Agreed on Tnex. It was my first year with a reel mower and my wife was losing her mind with me having to mow every other day. Well worth the investment to only have to cut once per week.


----------



## MoeBermuda (May 9, 2019)

Thanks guys. T-Nex it is. I know my wife will be happy I'm not mowing every other day.


----------



## soonersfan4512 (Jan 21, 2019)

I ordered a gallon of Tnex last night. Should be here today actually. Doesn't seem too complicated to apply. I watched @Ware and @thegrassfactor youtube videos about the product and decided to pull the trigger and buy some. I'm not sure when the first application would go down though being in the transition zone. I was thinking the beginning of June.


----------



## Greendoc (Mar 24, 2018)

I use a combination of TNex and Anuew. On warm season grasses, Anuew seems to start working rather fast. However, it does not last as long. My application rates are the low rate of Anuew and the low rate of TNex with adjustments according to how fast the grass is growing.


----------



## tneicna (May 6, 2019)

T-Nex's half-life depends on air temperature. TE Metabolism Directly Related to Air Temperature (Beasley and Branham, 2005)

- 6.4 Day Half Life at 64°F (18°C)
- 3.1 Day Half Life at 86°F (30°C)


----------



## ENC_Lawn (Sep 9, 2018)

Ware said:


> I have been thoroughly pleased with T-Nex. I think it's hard to beat for the price. It costs me something like $0.42 per thousand.


Ware...how often are you cutting your lawn when you use PGR.

I had to cut my lawn about every 2 days last year to stay around .5 inch HOC...just wondering what I could expect if I went to a PGR?

Every 4 or 5 days cut...???


----------



## Keepin It Reel (Feb 20, 2019)

Anyone applying their PGR with a backpack sprayer?


----------



## Redtwin (Feb 9, 2019)

MeanDean said:


> Anyone applying their PGR with a backpack sprayer?


I apply mine with my M4S 4-gallon battery backpack sprayer.


----------



## Ware (Jan 28, 2017)

ENC_Lawn said:


> Ware...how often are you cutting your lawn when you use PGR.
> 
> I had to cut my lawn about every 2 days last year to stay around .5 inch HOC...just wondering what I could expect if I went to a PGR?
> 
> Every 4 or 5 days cut...???


I usually still cut a couple times a week, even with PGR. The amount of clippings produced with each cut is significantly less though.

I would say as long as you're not pushing a bunch of Nitrogen you would definitely be able to mow less often than every two days at 1/2".

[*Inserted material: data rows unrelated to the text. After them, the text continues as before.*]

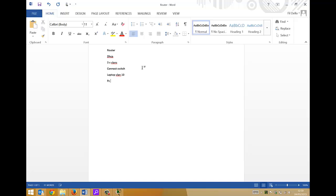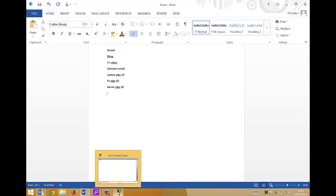The laptop VLAN will be VLAN 10, PC VLAN will be VLAN 20, and the server VLAN will be VLAN 30. This is a fairly simple configuration once you know how. Later on in another video we'll include IP phones for voice, but let's stick to this for now. I'll be doing all of this via Packet Tracer, and I'm starting from scratch so anyone not familiar with Packet Tracer can follow along.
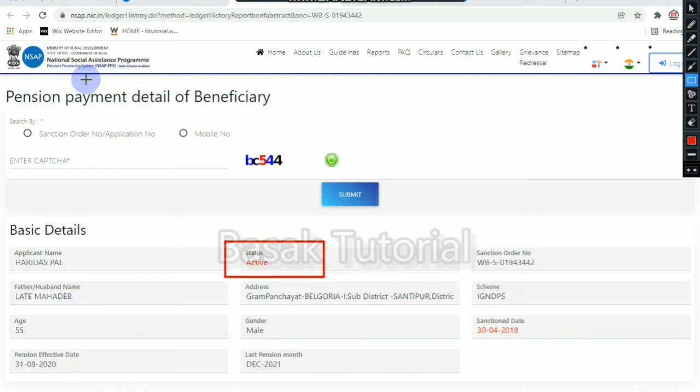We will find all the information by looking at the status. We will look at the video — please select the notification and subscribe, press the bell icon, and share the whole video. Thank you, and thank you all — dhonnobad.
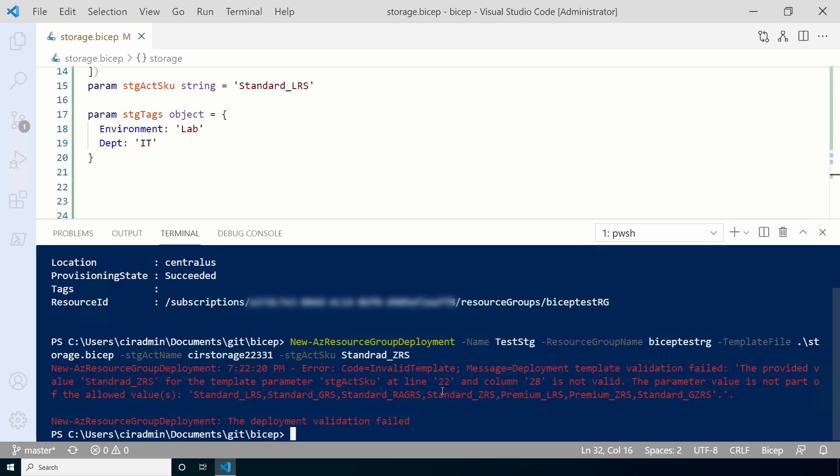I actually did this on purpose. The storage account SKU is typed in wrong and does not match the allowed value. That's an example of how input validation with the allowed decorator will prevent somebody from adding a value that's not allowed. Let's update the value and run it again.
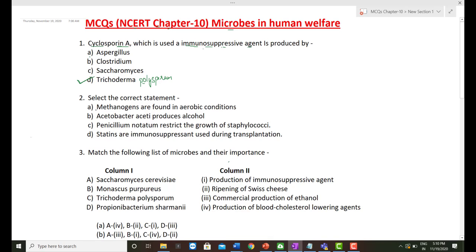Next question: Select the correct statement. 'Methanogens are found in aerobic conditions' — this is wrong; methanogens are found in anaerobic conditions like swampy areas, marshes, or guts of cattle. 'Acetobacter aceti produces alcohol' — also wrong; it produces acetic acid. 'Penicillin notatum restricts the growth of staphylococci' — this is the correct option. 'Statins are immunosuppressive agents used during transplantation' — wrong; statins are molecules that lower blood cholesterol.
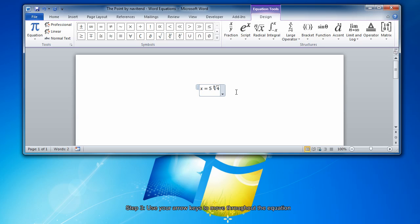You can then use the arrow buttons to move your cursor throughout the equation and insert additional numbers, symbols, or structures. When you're finished creating the equation, hit Enter.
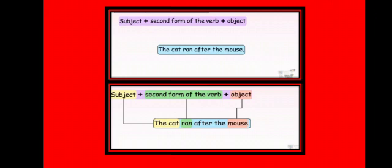Now children, here 'the cat' is the subject, 'ran' is the second form of the verb 'run,' and 'mouse' is the object. So children, this sentence is in past tense.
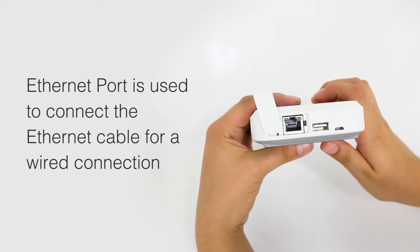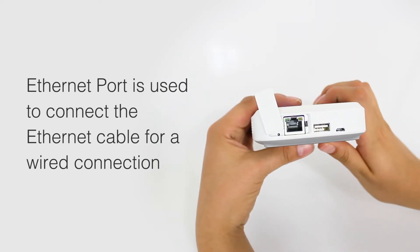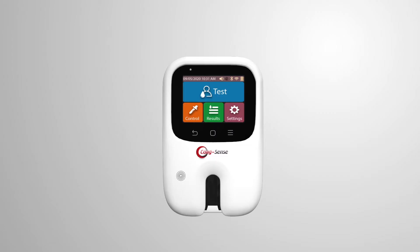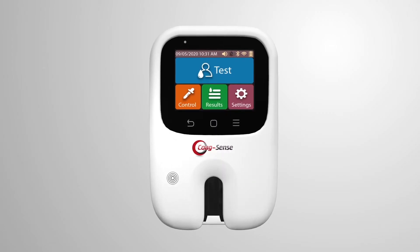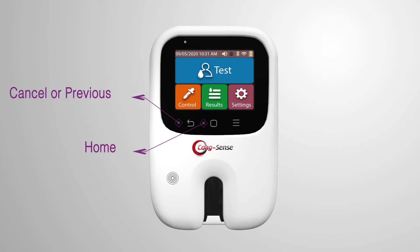This port is provided with a port cover. There are three touch buttons: cancel or previous screen button, home screen button, and view menu button.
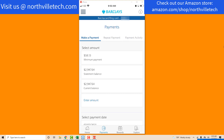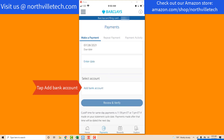On the Payments screen, scroll down to the bottom. At the bottom, you will see a tab which says Add Bank Account. Tap on Add Bank Account.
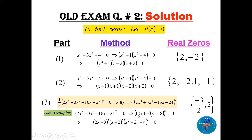Distributing the power, we get (2x + 3) squared times a difference of two cubes: x minus 2 times x squared plus 2x plus 4. The quadratic x squared plus 2x plus 4 is complex. So we have two real zeros: 2 repeated twice and minus 3 over 2 repeated twice, each with multiplicity 2. When graphed, the curve is tangent to the x-axis at each.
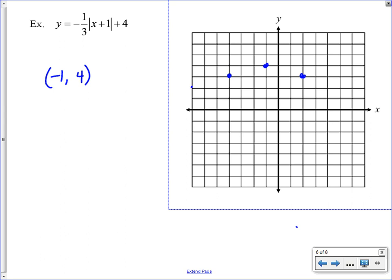Continuing down 1 over 3 in both directions, we can see this graph is a little wider and flatter than the parent function because the a-value is a fraction less than 1. It's upside down because the a-value is negative. We'll label the vertex (−1, 4) right on the graph.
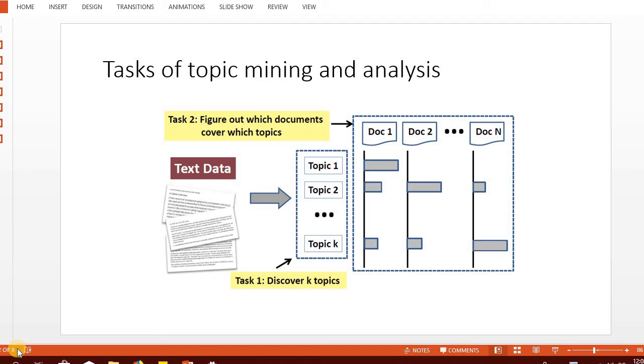In this lecture we're going to study the background of topic modeling. We'll introduce what topic models are and how they are used.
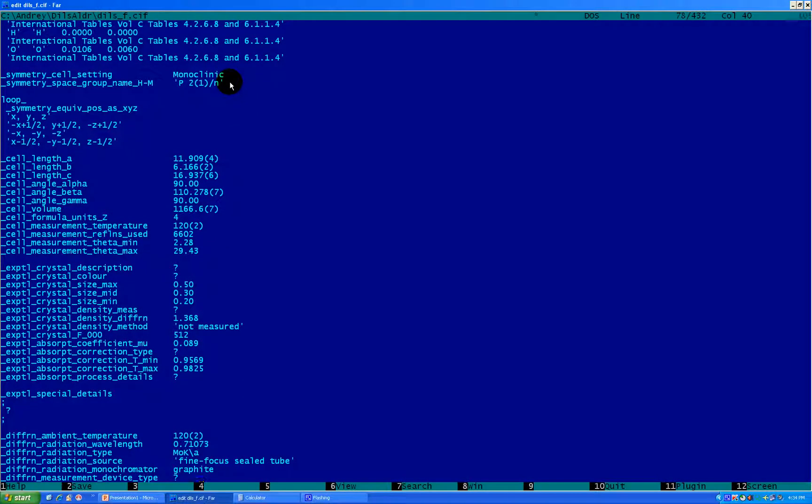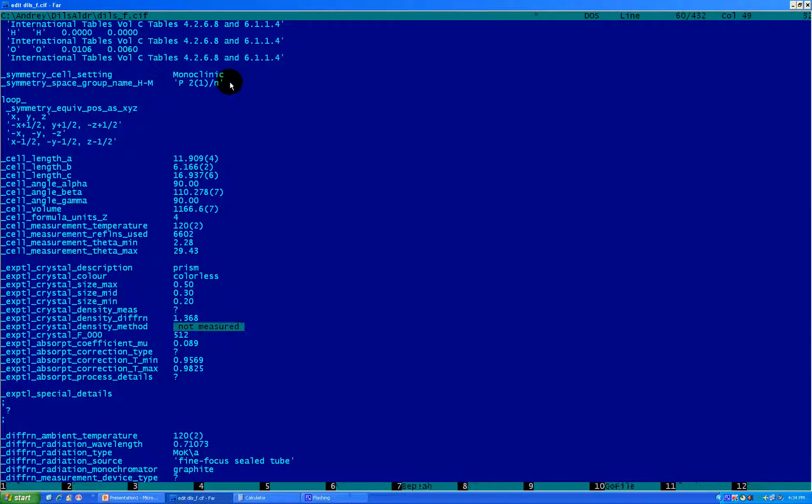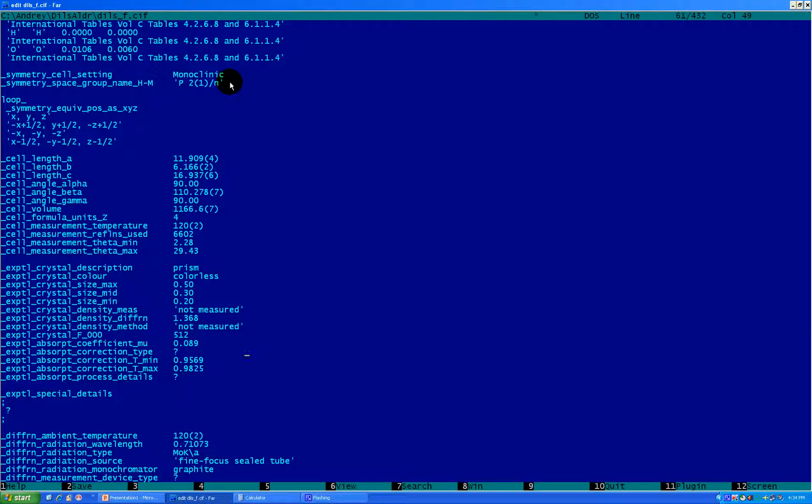Now information about the crystal. Crystal description - it was prism. Color - it was colorless. Absorption correction type - did you measure the crystal density? No, we didn't measure it. So I'm copying it from here, saying it's not measured. Next thing, absorption correction type. In this case I use SADABS, which is standard for Bruker software package. So it's multi-scan absorption correction. Multi-scan.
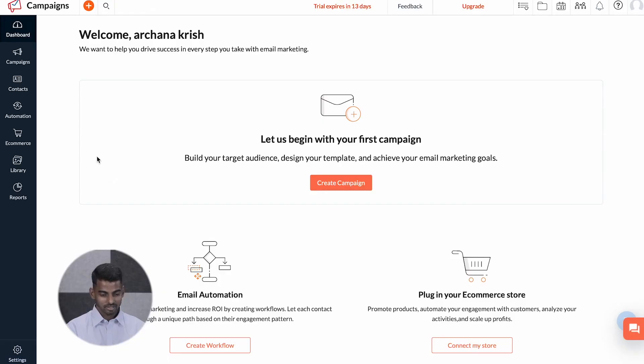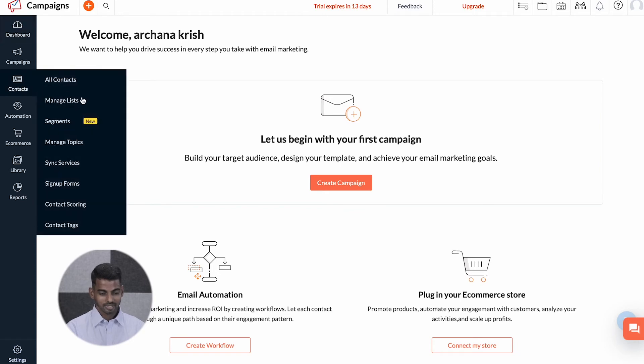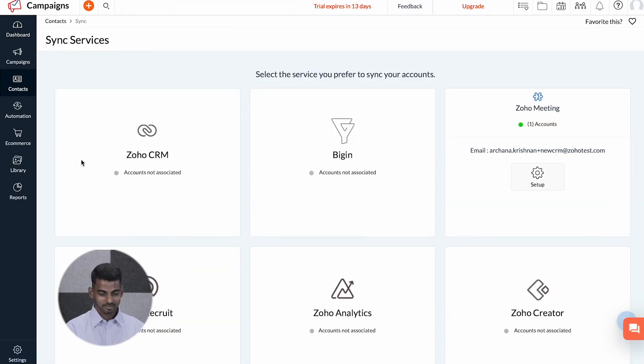Now let's see how to connect your Zoho CRM and Zoho Campaigns. To do this, let's go to the Zoho Campaigns account. Here I'll click on the Contacts tab, and I'll go to Sync Services.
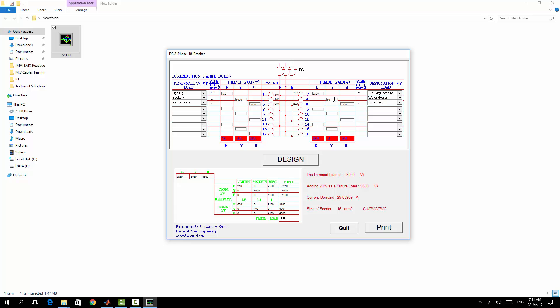After getting the wire size and getting branch breaker sizes, you will get the main breaker also as 50 amps. Then here you can get the total connected load in red, yellow, blue.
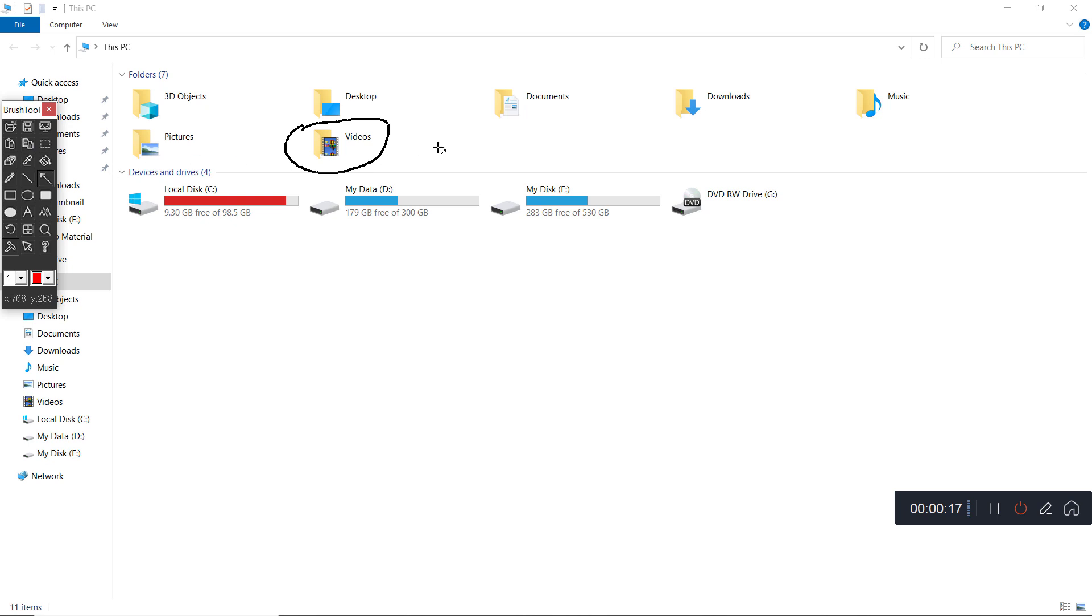The interface of the capture screen recorder is so clear that you can operate it with ease.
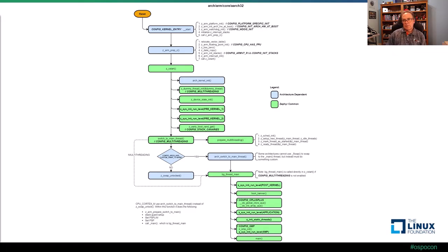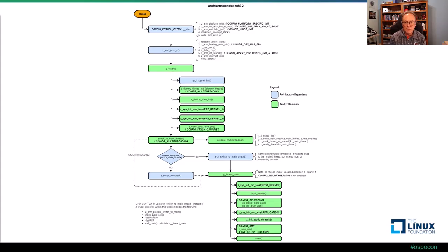This brings me to the end of my presentation. I hope the information has been useful. There are some links at the end of the slide deck to help you get oriented with the Zephyr project, and I'll make sure the collateral for these diagrams is available in a more readable form. Thank you very much for watching.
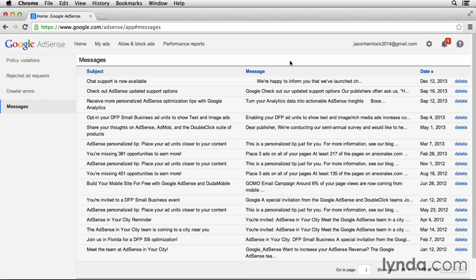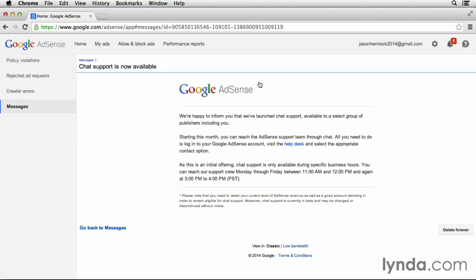These messages come in quite often, and some of them are customized and tailored specifically for your AdSense account. You can see we've got a few different ones in here. The latest one tells us that a new feature is available — chat support is now available in Google AdSense.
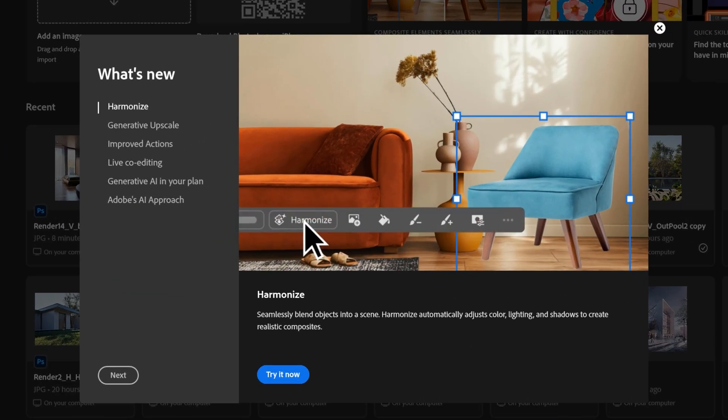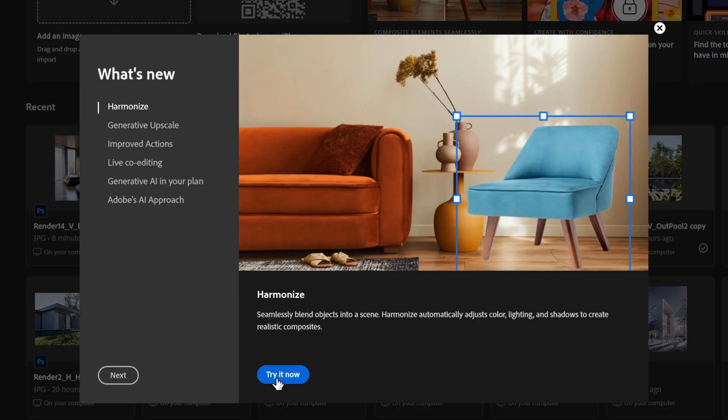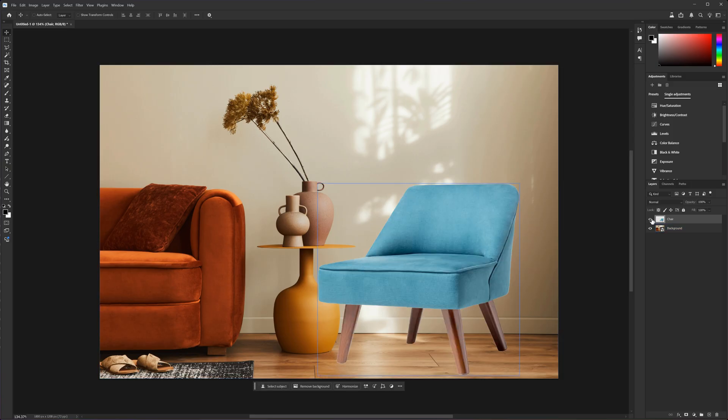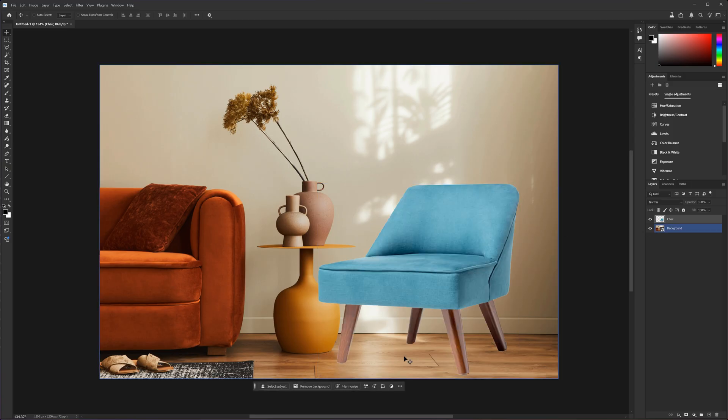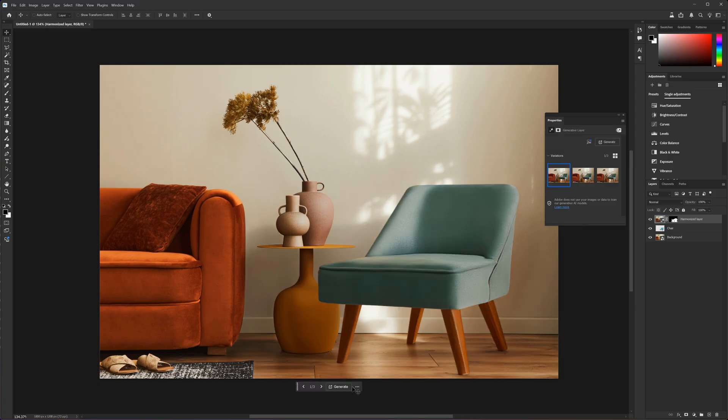For now, it's only available in the beta version. You can try it with this sample file. Here we have a chair that doesn't match the scene. But after clicking the harmonize button, it all changes.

To stay ahead of the rebound, I would consider using GDD to time applications.


----------



## Jacob_S (May 22, 2018)

ENC_Lawn said:


> Ware said:
> 
> 
> > I have been thoroughly pleased with T-Nex. I think it's hard to beat for the price. It costs me something like $0.42 per thousand.
> ...


With use of t-nex and maintaining .75" last year I was mowing wed and sun with occasional once a week mowing and was doing great.


----------



## Hexadecimal 00FF00 (Sep 20, 2018)

MeanDean said:


> Anyone applying their PGR with a backpack sprayer?


Yes, a Solo 475-B Deluxe with dfw_wand.


----------



## ENC_Lawn (Sep 9, 2018)

Ware said:


> ENC_Lawn said:
> 
> 
> > Ware...how often are you cutting your lawn when you use PGR.
> ...


 :thumbup:


----------



## ENC_Lawn (Sep 9, 2018)

Jacob_S said:


> ENC_Lawn said:
> 
> 
> > Ware said:
> ...


 :thumbup:


----------



## FlowRider (Apr 7, 2019)

I am thinking about using PGR this growing season, once I get my lawns scalped down to lower levels.

I do not have a reel mower, however. So my question is does it make sense to use PGR with a rotary?

I plan to try and stay in the 1.25 to 2 inch HOC as much as possible. Not sure if it will work in our heat.

So for you guys with PGR experience, is it worth it with a rotary to reduce the requirement to mow?

I want to use it to encourage thicker turf and more lateral growth, and to mow a little less often.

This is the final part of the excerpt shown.